DATA PROVIDED:
Segment Open

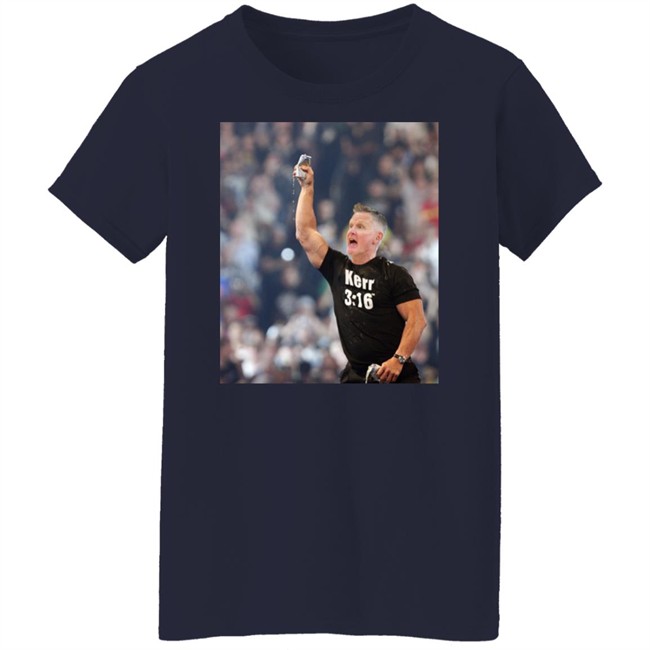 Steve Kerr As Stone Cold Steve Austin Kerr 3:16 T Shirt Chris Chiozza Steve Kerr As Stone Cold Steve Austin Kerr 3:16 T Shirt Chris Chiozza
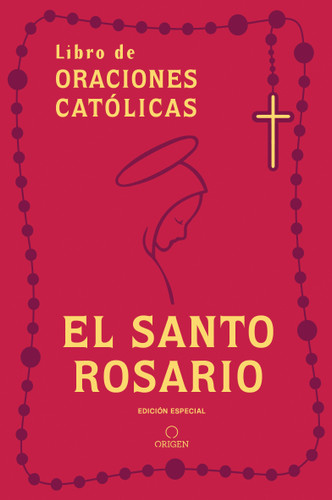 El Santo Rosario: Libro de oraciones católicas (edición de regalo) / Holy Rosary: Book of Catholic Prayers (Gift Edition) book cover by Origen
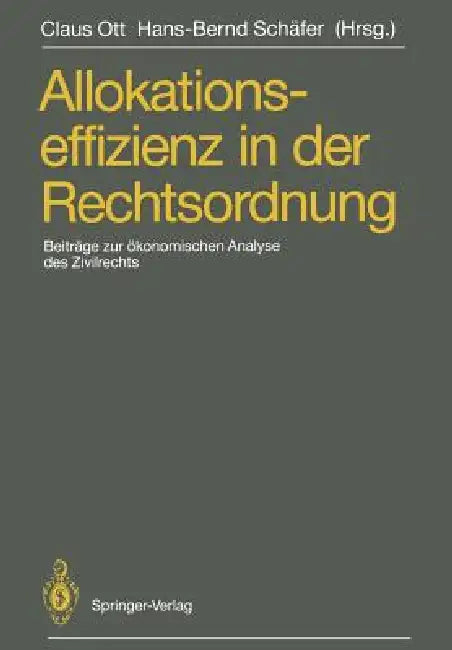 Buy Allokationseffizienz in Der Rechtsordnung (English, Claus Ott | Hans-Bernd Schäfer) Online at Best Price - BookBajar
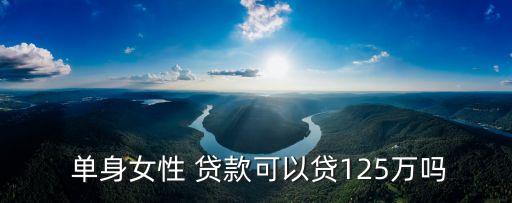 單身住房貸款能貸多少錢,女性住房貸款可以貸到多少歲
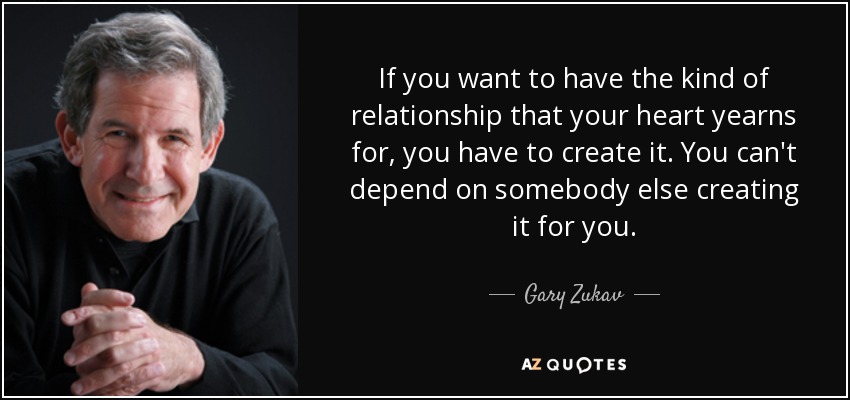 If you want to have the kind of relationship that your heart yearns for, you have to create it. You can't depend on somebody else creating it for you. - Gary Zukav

Segment Closed
Segment Open

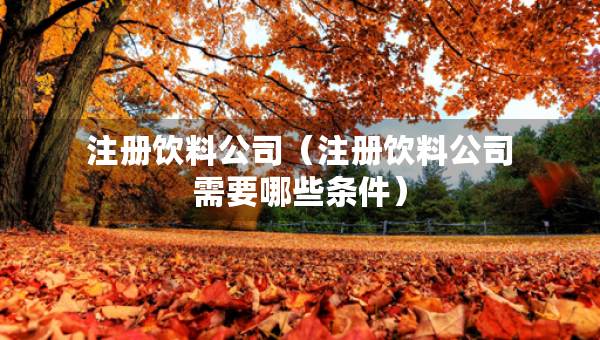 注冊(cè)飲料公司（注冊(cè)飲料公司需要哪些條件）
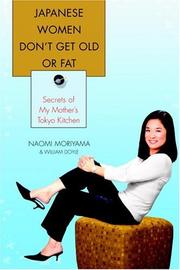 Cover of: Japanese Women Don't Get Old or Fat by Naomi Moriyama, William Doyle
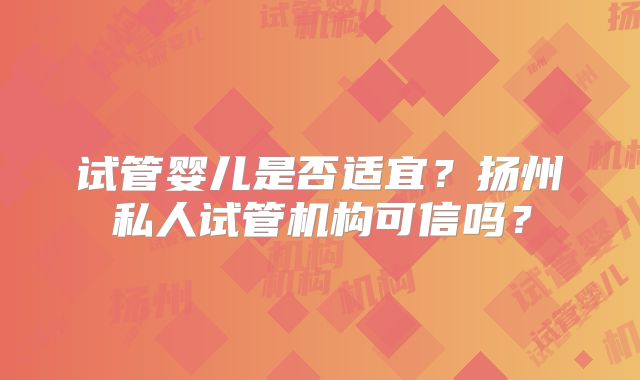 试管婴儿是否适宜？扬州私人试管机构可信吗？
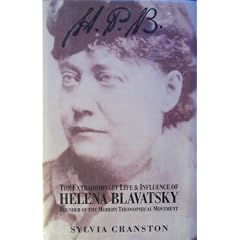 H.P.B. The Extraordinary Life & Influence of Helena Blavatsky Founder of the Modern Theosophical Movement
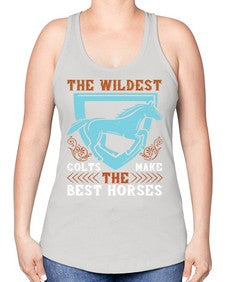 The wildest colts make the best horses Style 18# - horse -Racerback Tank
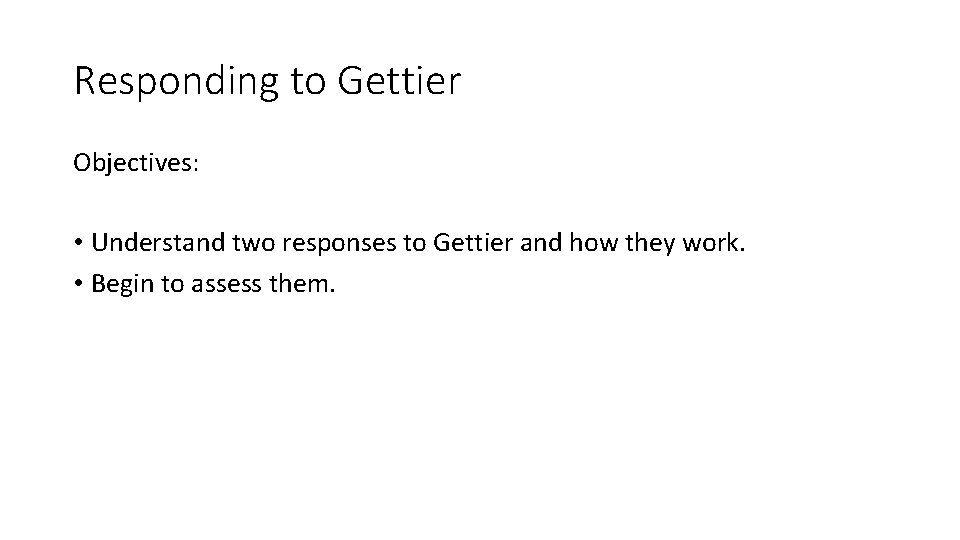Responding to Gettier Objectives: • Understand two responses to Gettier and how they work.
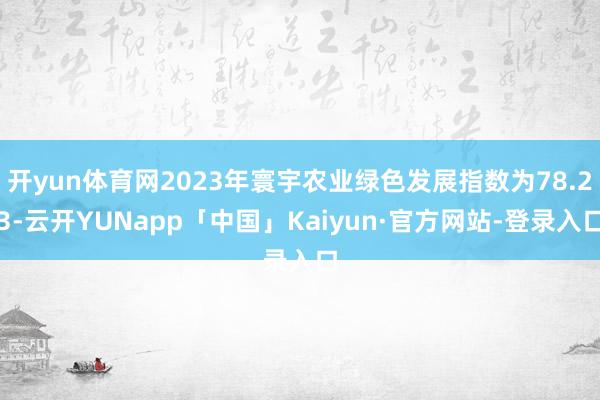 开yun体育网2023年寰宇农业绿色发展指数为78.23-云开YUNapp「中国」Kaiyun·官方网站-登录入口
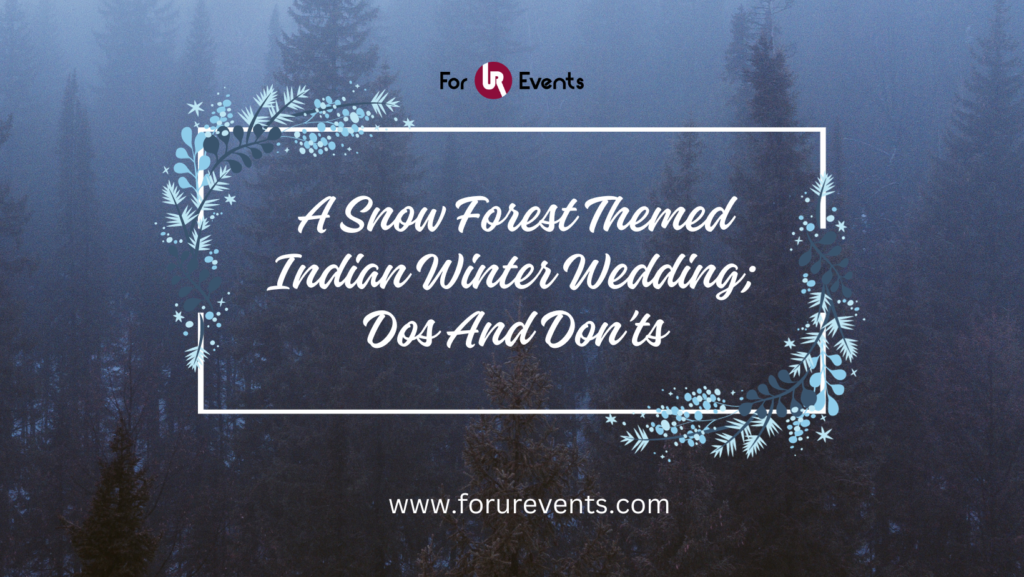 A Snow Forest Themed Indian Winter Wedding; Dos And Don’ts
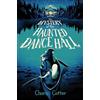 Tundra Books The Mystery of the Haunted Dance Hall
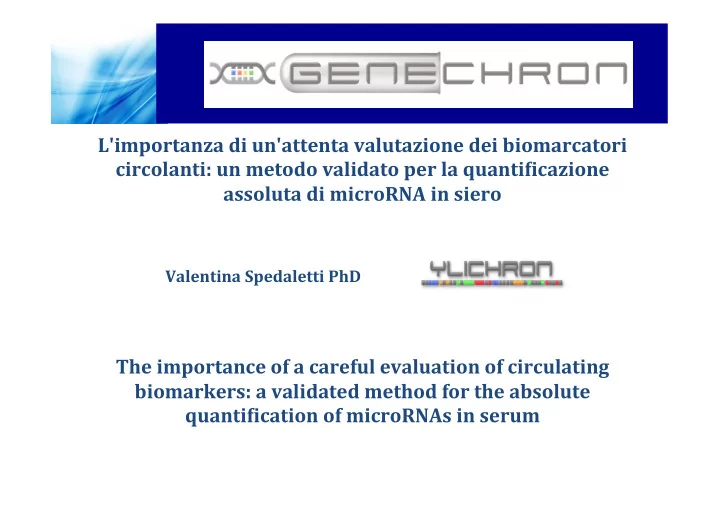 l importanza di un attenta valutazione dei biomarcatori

Segment Closed
Segment Open

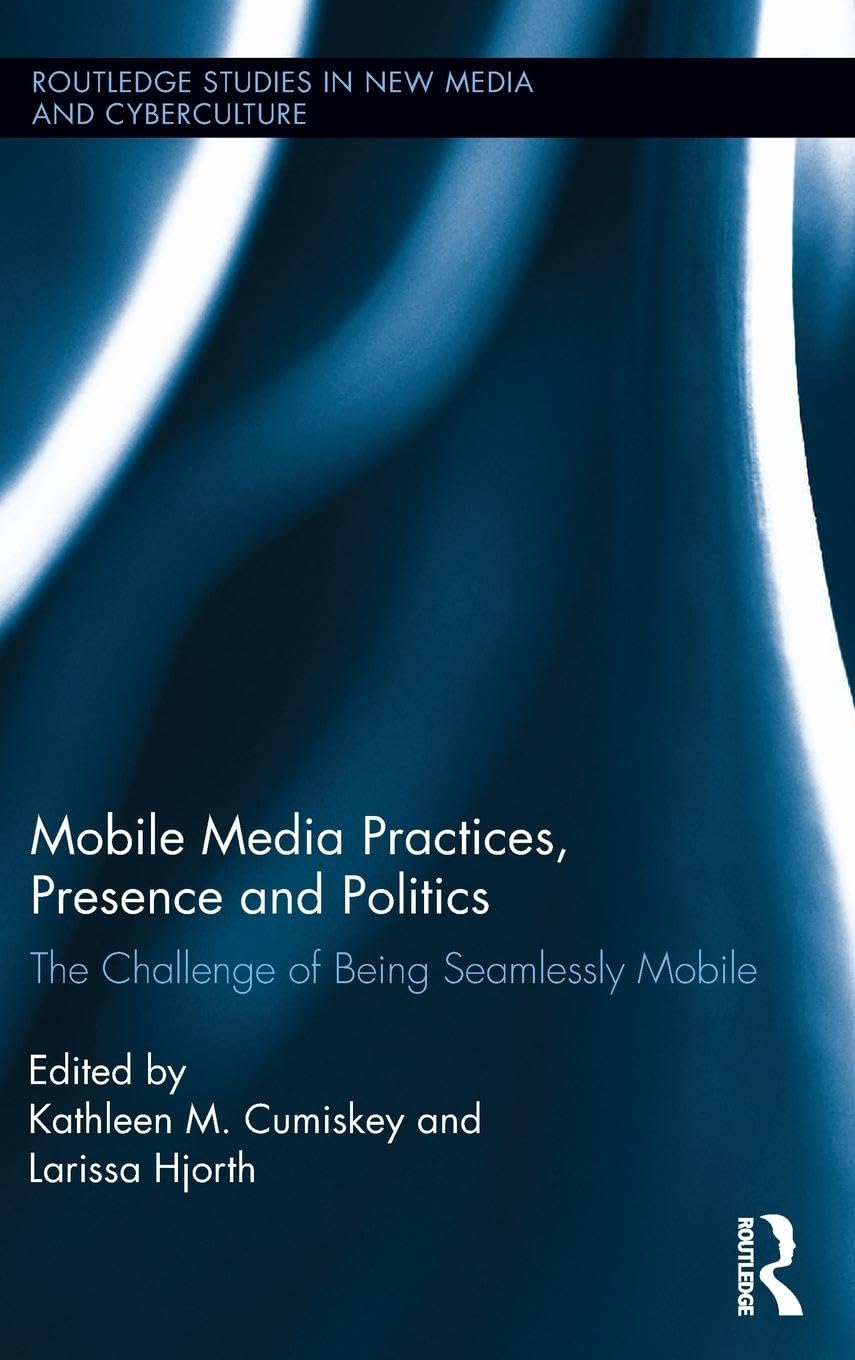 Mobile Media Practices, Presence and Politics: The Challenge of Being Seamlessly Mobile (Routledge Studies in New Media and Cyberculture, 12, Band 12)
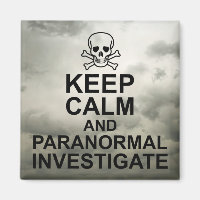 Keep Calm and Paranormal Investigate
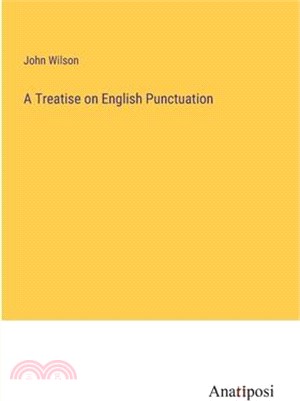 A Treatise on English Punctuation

Segment Closed

YOUR ASSIGNMENT:
Repeat, word for word, the lines of the material above from the one holding "Cover of: Japanese" through the one holding "Responding to Gettier". Leave out pictures.

EXERCISE OUTPUT:
 Cover of: Japanese Women Don't Get Old or Fat by Naomi Moriyama, William Doyle
 试管婴儿是否适宜？扬州私人试管机构可信吗？
 H.P.B. The Extraordinary Life & Influence of Helena Blavatsky Founder of the Modern Theosophical Movement
 The wildest colts make the best horses Style 18# - horse -Racerback Tank
Responding to Gettier Objectives: • Understand two responses to Gettier and how they work.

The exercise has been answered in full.